**WORK REQUEST:** Any image in the records should be left out; output everything else exactly.
※ ※ ※
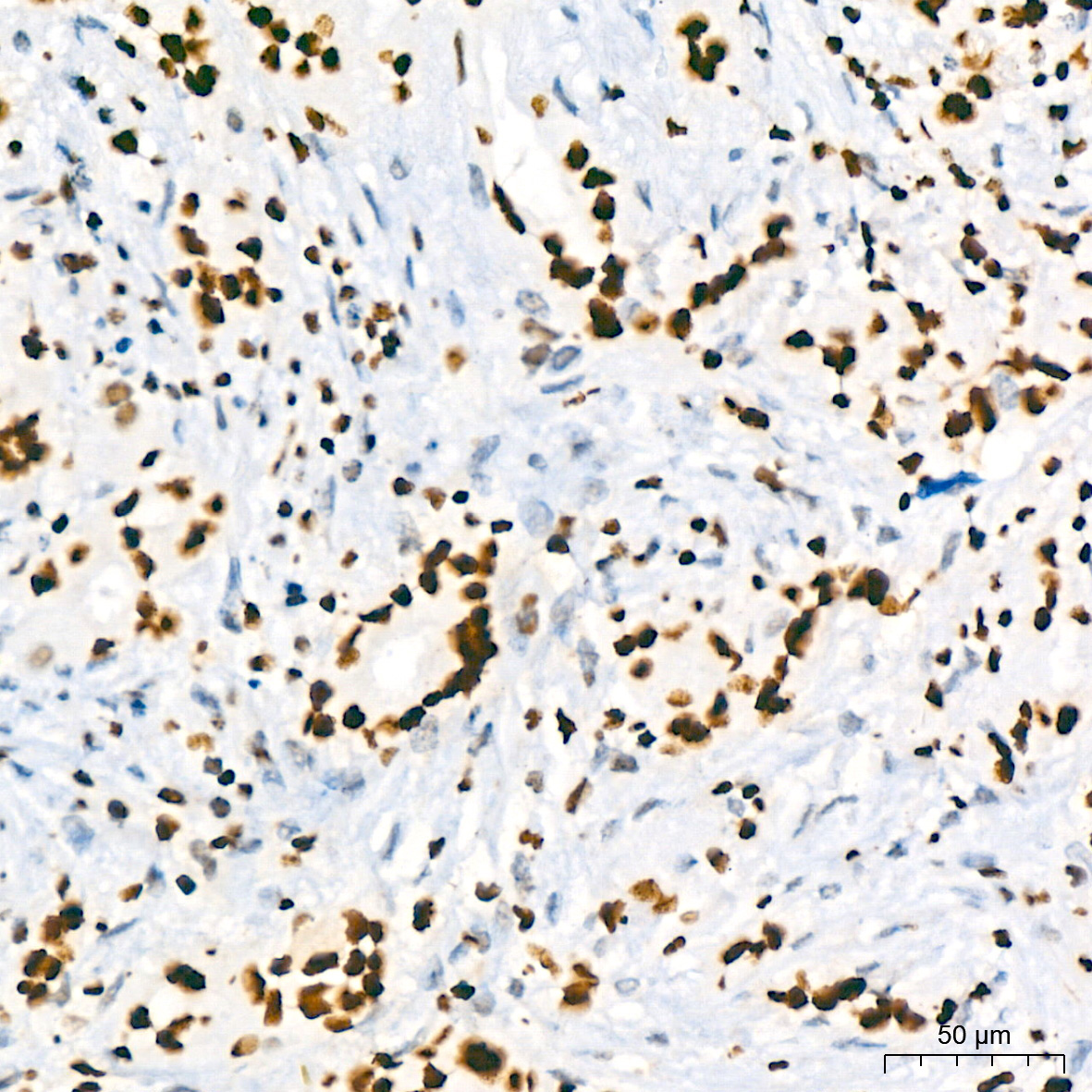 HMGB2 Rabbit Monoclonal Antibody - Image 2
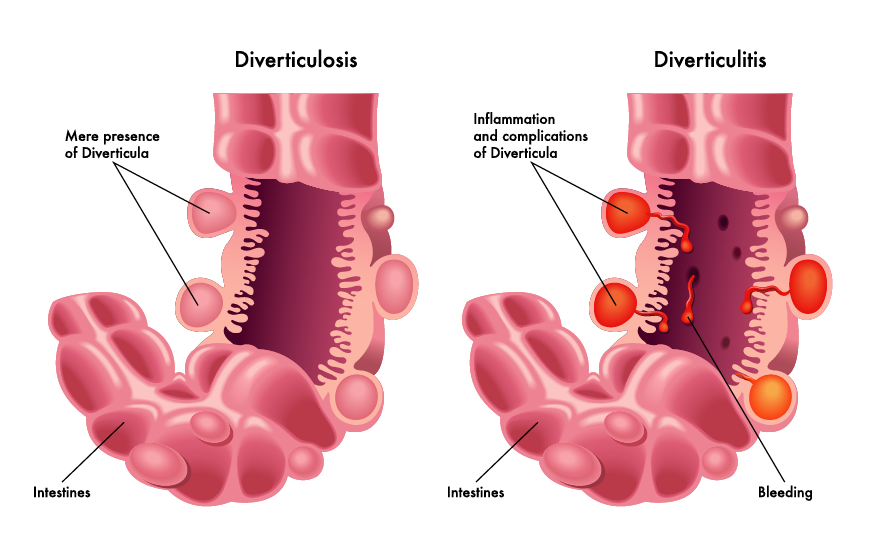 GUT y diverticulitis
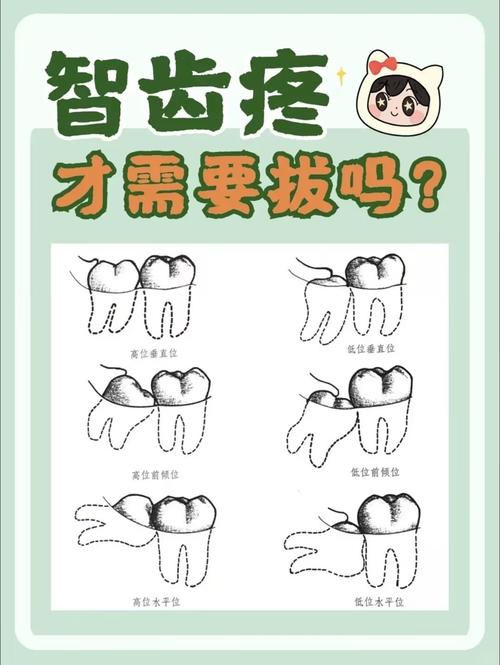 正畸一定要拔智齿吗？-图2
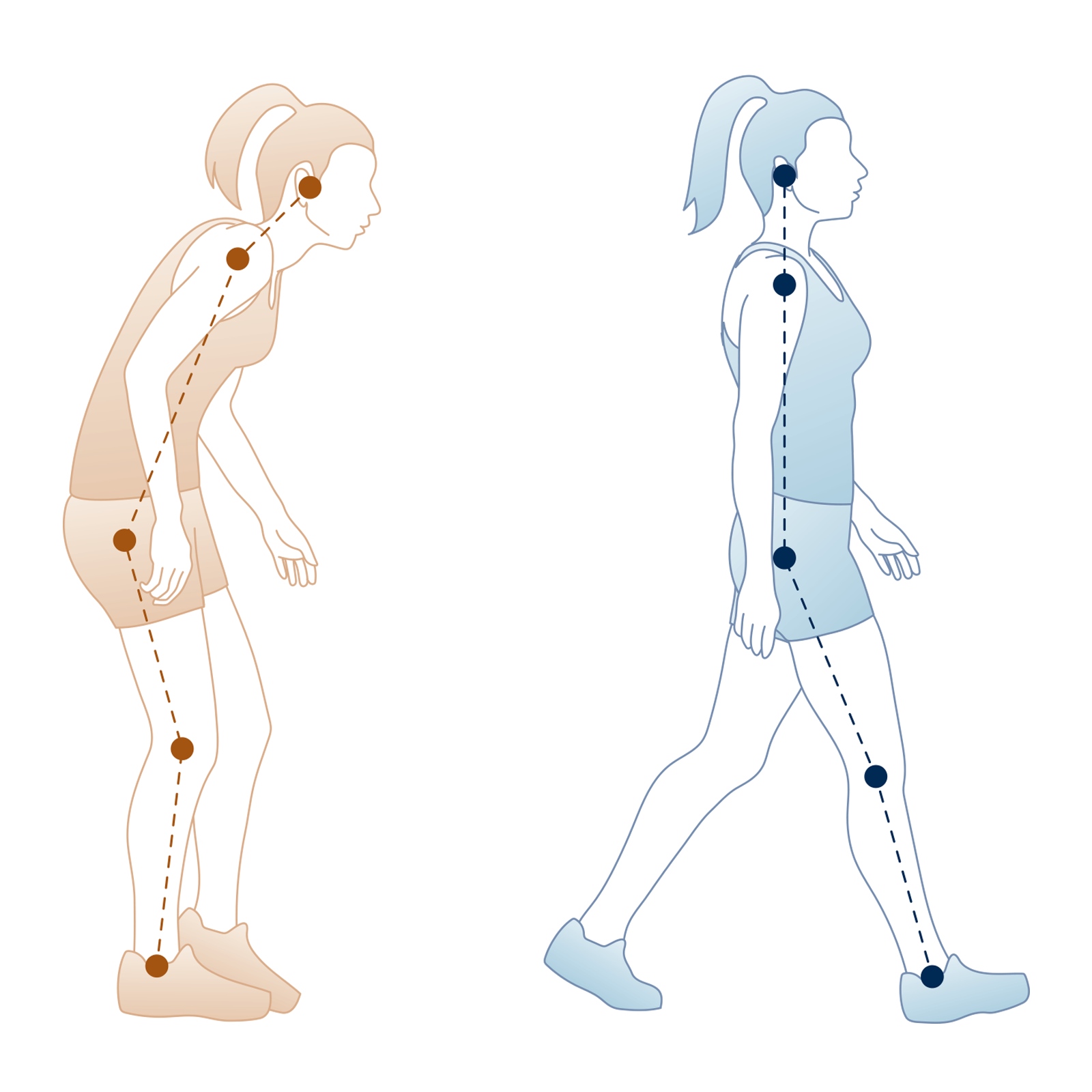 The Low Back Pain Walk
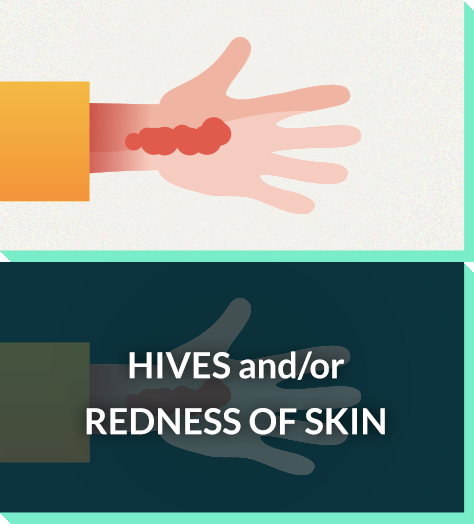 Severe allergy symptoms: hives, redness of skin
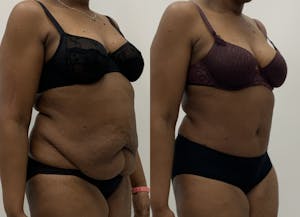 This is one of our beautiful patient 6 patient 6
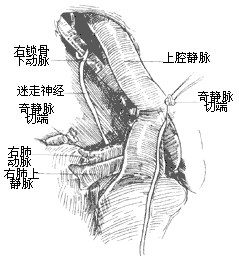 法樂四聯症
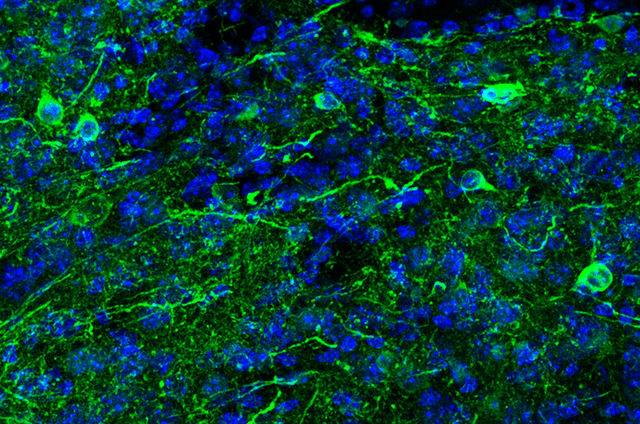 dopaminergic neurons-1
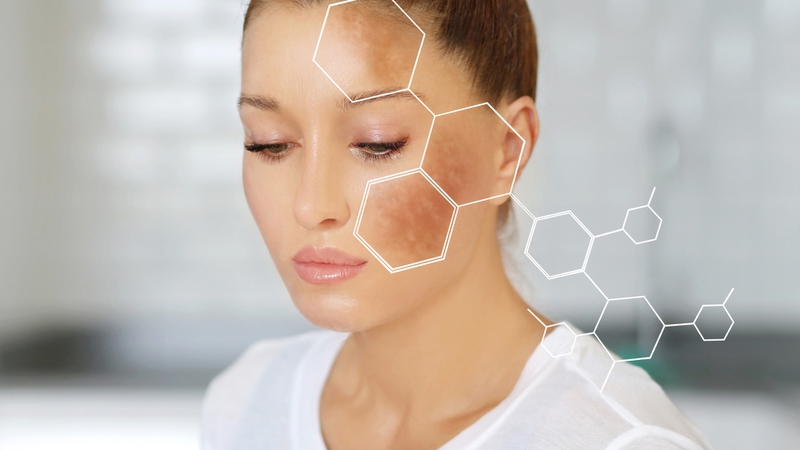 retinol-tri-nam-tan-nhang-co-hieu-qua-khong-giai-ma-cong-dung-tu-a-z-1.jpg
※ ※ ※
**EXERCISE ANSWER:**
 HMGB2 Rabbit Monoclonal Antibody - Image 2
 GUT y diverticulitis
 正畸一定要拔智齿吗？-图2
 The Low Back Pain Walk
 Severe allergy symptoms: hives, redness of skin
 This is one of our beautiful patient 6 patient 6
 法樂四聯症
 dopaminergic neurons-1
 retinol-tri-nam-tan-nhang-co-hieu-qua-khong-giai-ma-cong-dung-tu-a-z-1.jpg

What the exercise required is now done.